Records follow. Print exactly the lines from the one that has "Đất ngộp ngay" through the one that has "Kalium 3-Lights Semi", inclusive, and omit the pictures.

### RECORDS SUPPLIED
- - - - - - -

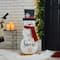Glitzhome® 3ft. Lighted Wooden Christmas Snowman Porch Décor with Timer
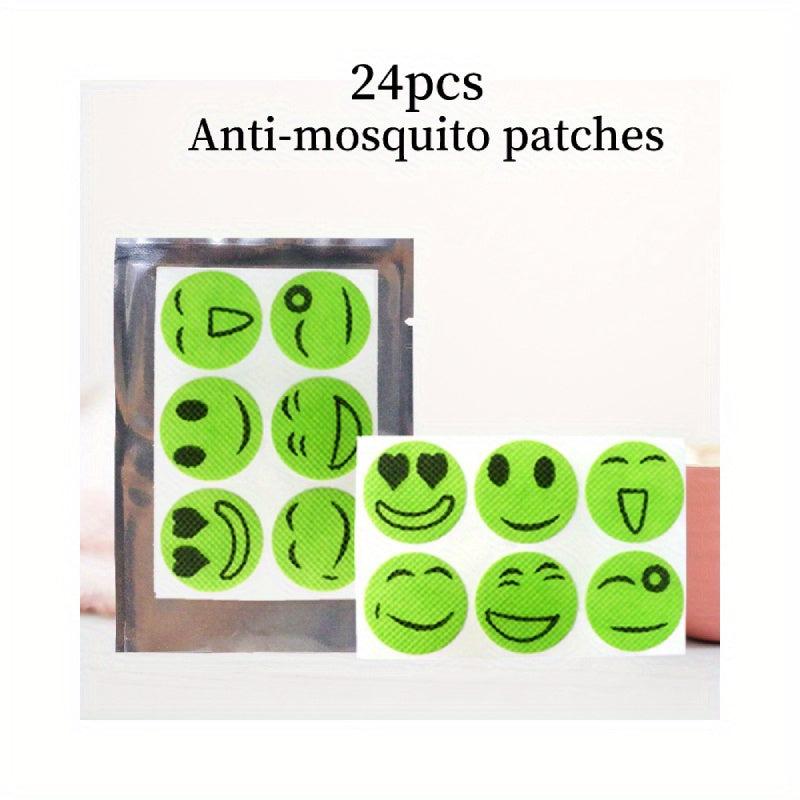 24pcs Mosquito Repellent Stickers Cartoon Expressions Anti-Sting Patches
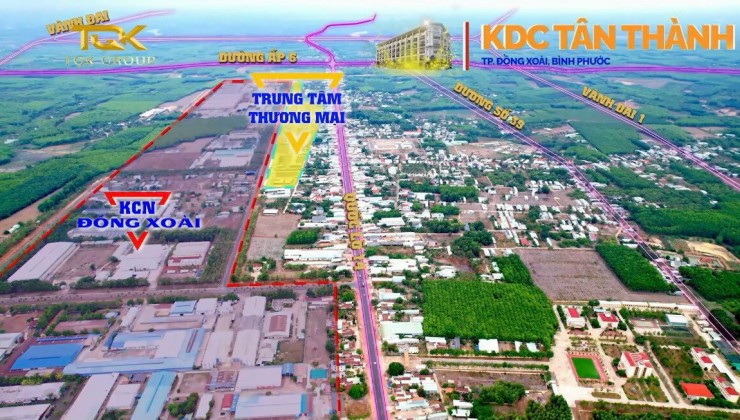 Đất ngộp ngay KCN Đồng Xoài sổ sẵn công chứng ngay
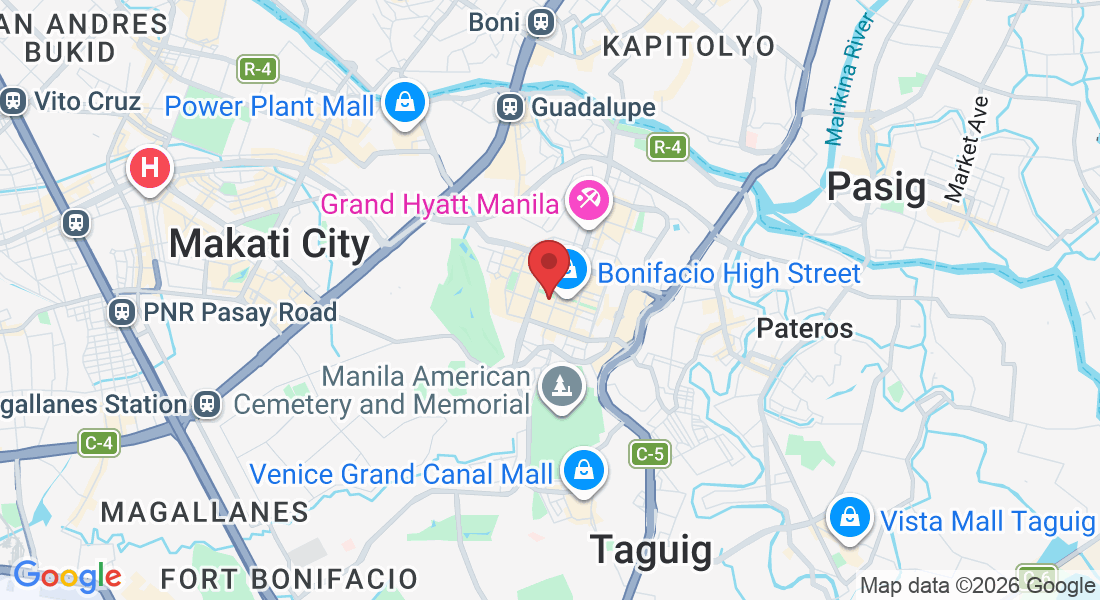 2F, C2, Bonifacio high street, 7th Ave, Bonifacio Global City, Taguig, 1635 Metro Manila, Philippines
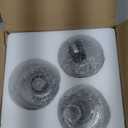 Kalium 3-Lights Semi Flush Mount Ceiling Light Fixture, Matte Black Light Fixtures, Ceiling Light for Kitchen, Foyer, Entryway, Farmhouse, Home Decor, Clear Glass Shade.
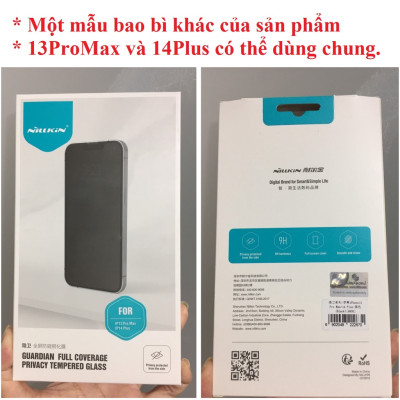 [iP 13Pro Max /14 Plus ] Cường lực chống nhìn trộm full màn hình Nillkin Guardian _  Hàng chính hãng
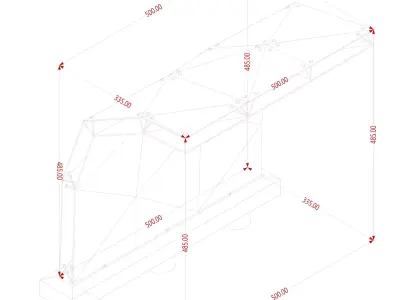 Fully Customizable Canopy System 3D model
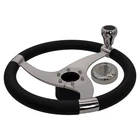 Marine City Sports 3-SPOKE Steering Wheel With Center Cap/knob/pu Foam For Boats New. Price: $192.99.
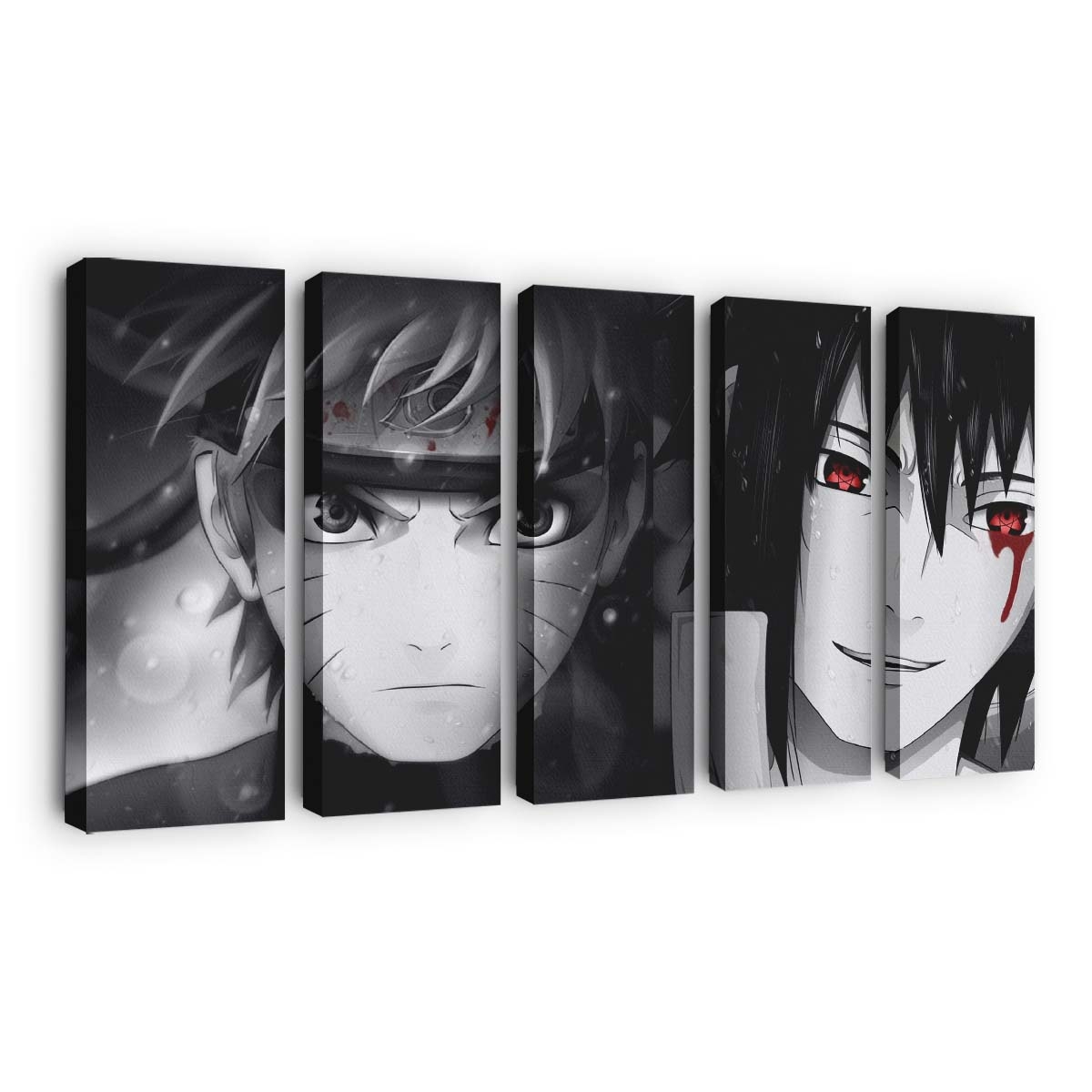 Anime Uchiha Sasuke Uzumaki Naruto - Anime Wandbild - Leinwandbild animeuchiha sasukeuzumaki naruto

- - - - - - -

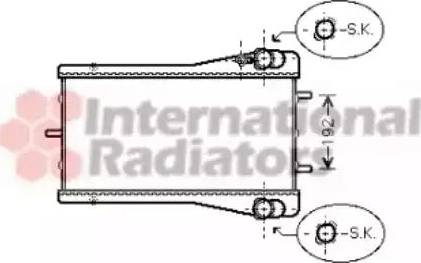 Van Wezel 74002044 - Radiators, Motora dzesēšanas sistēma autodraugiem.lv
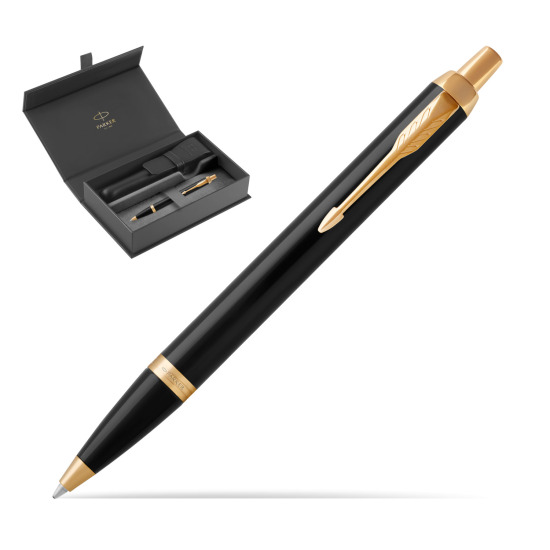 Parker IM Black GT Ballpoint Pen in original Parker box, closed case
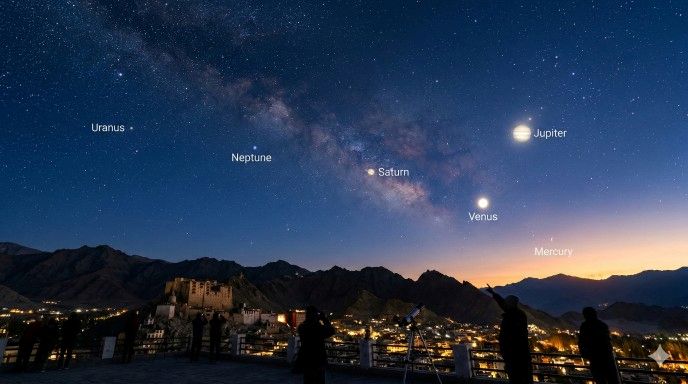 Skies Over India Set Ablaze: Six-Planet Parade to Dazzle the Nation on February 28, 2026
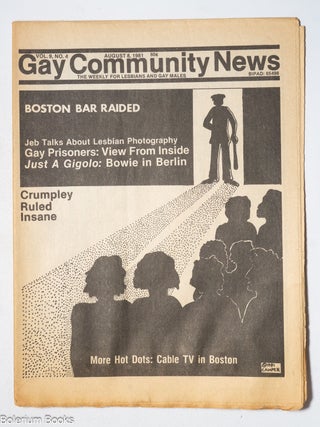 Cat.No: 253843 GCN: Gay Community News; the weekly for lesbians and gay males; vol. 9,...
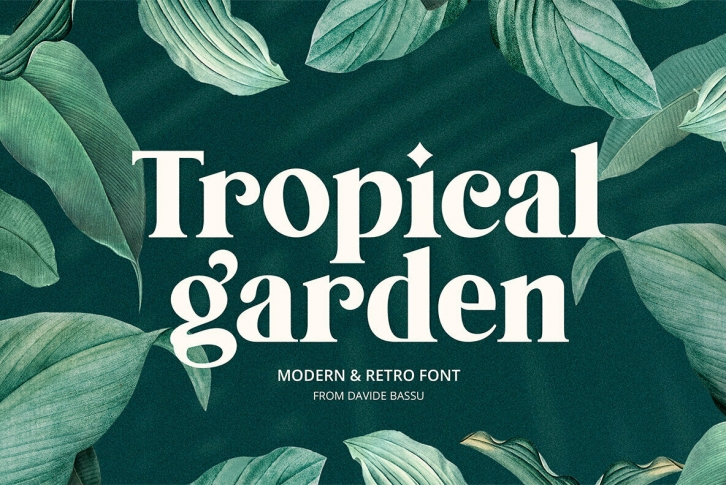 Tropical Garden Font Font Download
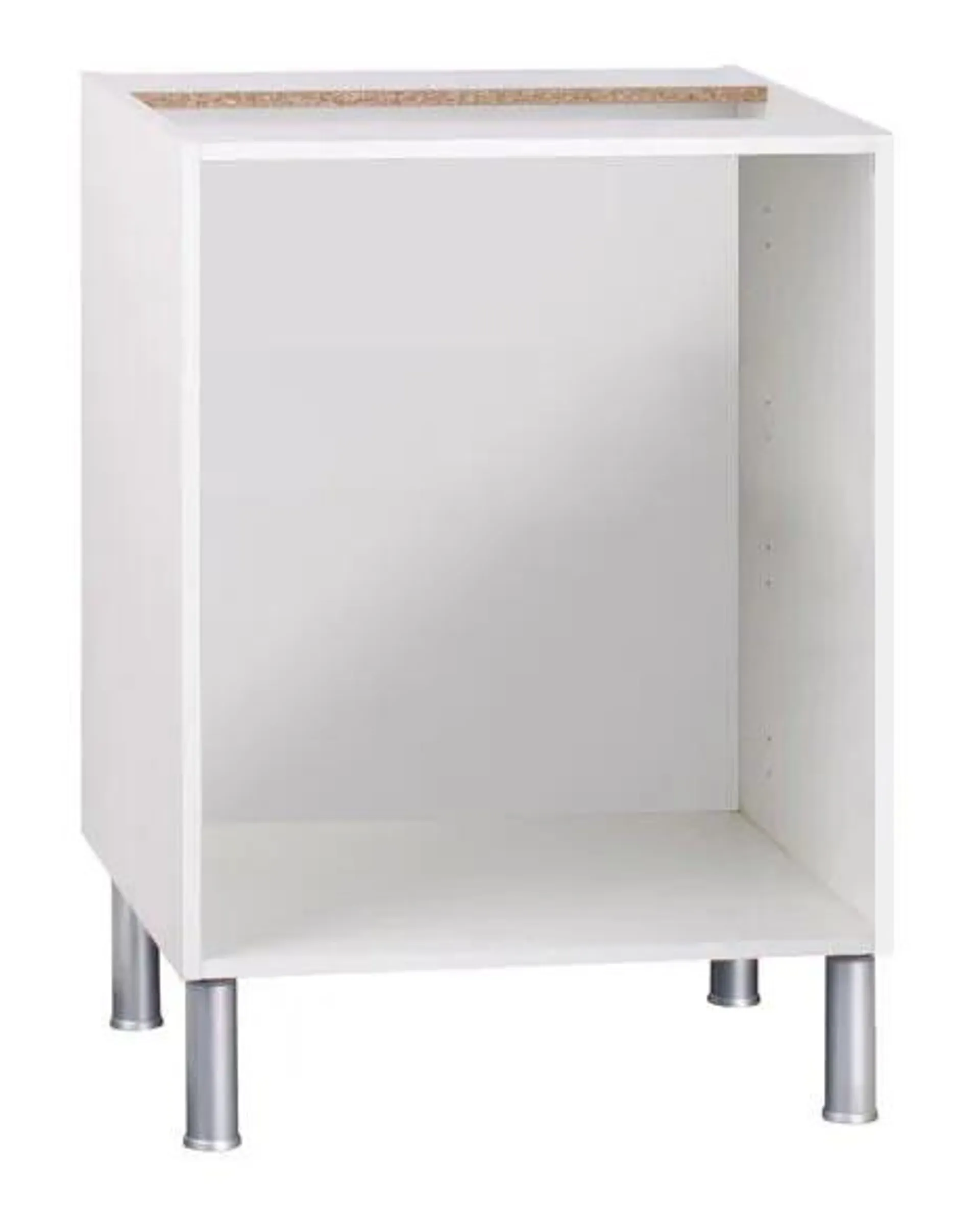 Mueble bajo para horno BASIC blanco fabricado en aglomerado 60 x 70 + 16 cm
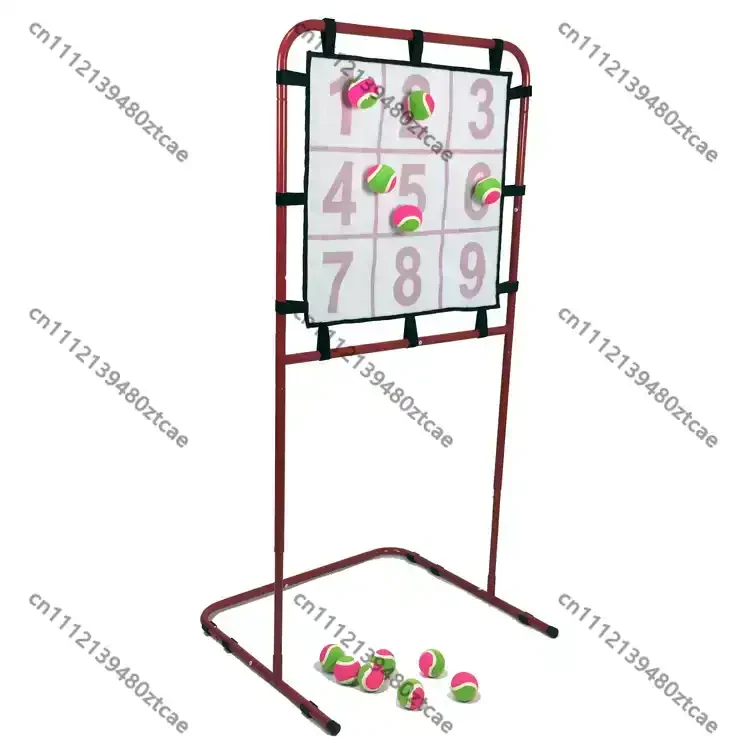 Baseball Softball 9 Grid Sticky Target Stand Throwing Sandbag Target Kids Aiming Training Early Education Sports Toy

- - - - - - -

### ANSWER
 Đất ngộp ngay KCN Đồng Xoài sổ sẵn công chứng ngay
 2F, C2, Bonifacio high street, 7th Ave, Bonifacio Global City, Taguig, 1635 Metro Manila, Philippines
 Kalium 3-Lights Semi Flush Mount Ceiling Light Fixture, Matte Black Light Fixtures, Ceiling Light for Kitchen, Foyer, Entryway, Farmhouse, Home Decor, Clear Glass Shade.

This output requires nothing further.